I am trying to run a Spark job on a Kubernetes cluster and I need to add additional JARs required by my application (specifically JARs for Apache Iceberg and AWS SDK). Initially, I tried running my Spark job through spark-submit in cluster deploy mode and pointed the packages to be downloaded onto an NFS share so that both the driver and executors have access to it. Specifying the JARs in the network share as part of the extraClassPath option worked fine.
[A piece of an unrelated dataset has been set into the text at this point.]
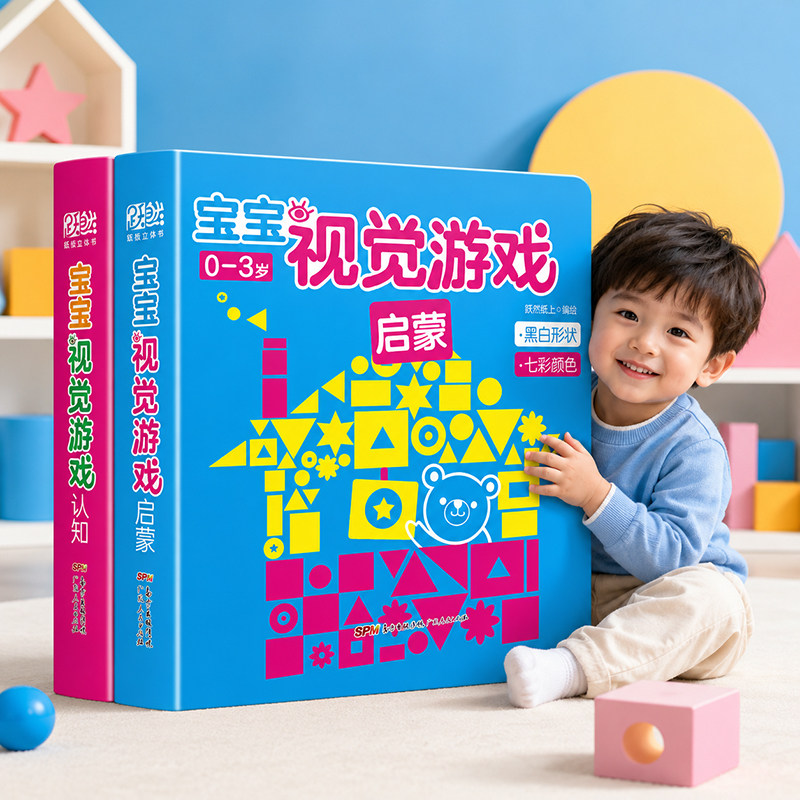 宝宝视觉游戏&middot;认知 全2册认知幼儿早教书0-3岁卡片撕不烂早教绘本儿童书读物启蒙早教益智交通动物婴儿书翻翻看 宝宝看图识物识字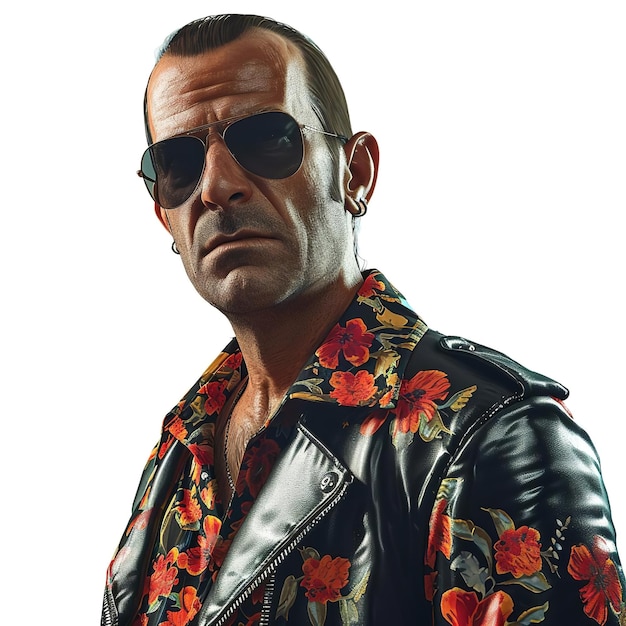 Photo beautiful michael de santa grand theft auto isolated on white background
You can find the configuration for spark-submit below.
spark-submit \
--deploy-mode cluster --master k8s://https://10.164.64.27:6443 \
--conf spark.kubernetes.namespace=spark-cluster \
--conf spark.kubernetes.authenticate.driver.serviceAccountName=spark-sa \
--name $1 --conf spark.executor.instances=$2 \
--packages org.apache.spark:spark-sql-kafka-0-10_2.12:3.3.2,org.apache.iceberg:iceberg-spark-runtime-3.3_2.12:1.0.0,org.projectnessie:nessie-spark-extensions-3.3_2.12:0.44.0,software.amazon.awssdk:bundle:2.19.21,software.amazon.awssdk:url-connection-client:2.19.21 \
--conf spark.driver.extraJavaOptions=-Divy.cache.dir=/tmp/spark-data/ \
--conf spark.driver.extraJavaOptions=-Divy.home=/tmp/spark-data/ \
--conf spark.executor.extraJavaOptions=-Divy.cache.dir=/tmp/spark-data/ \
--conf spark.executor.extraJavaOptions=-Divy.home=/tmp/spark-data/ \
--conf spark.executor.extraClassPath=local:///tmp/spark-data/jars/* \
--conf spark.kubernetes.driver.container.image=apache/spark-py:v3.3.2 \
--conf spark.kubernetes.executor.container.image=apache/spark-py:v3.3.2 ${@:3}
Here the network share was loaded at /tmp/spark-data
Now, I am trying to deploy the same application in client mode (so that I can run the application in a Jupyter notebook). I was seeing that this worked fine, but was taking much longer to run in client mode. For example, the Spark job which was taking 4 seconds in cluster mode was now taking over 2 minutes. Digging a little deeper, we figured out the slow down was because the executors were now copying each JAR from the driver to the executor instead of using it directly from my network share as in cluster mode. I tried to build a Docker image as well with all the required JARs so that the drivers doesn't need to copy the JARs, but that didn't work either and the driver was still copying the JARs to the executors. Is there way to tell Spark to not copy the JARs in client mode and directly use the JARs on my network share or present locally on the Docker image?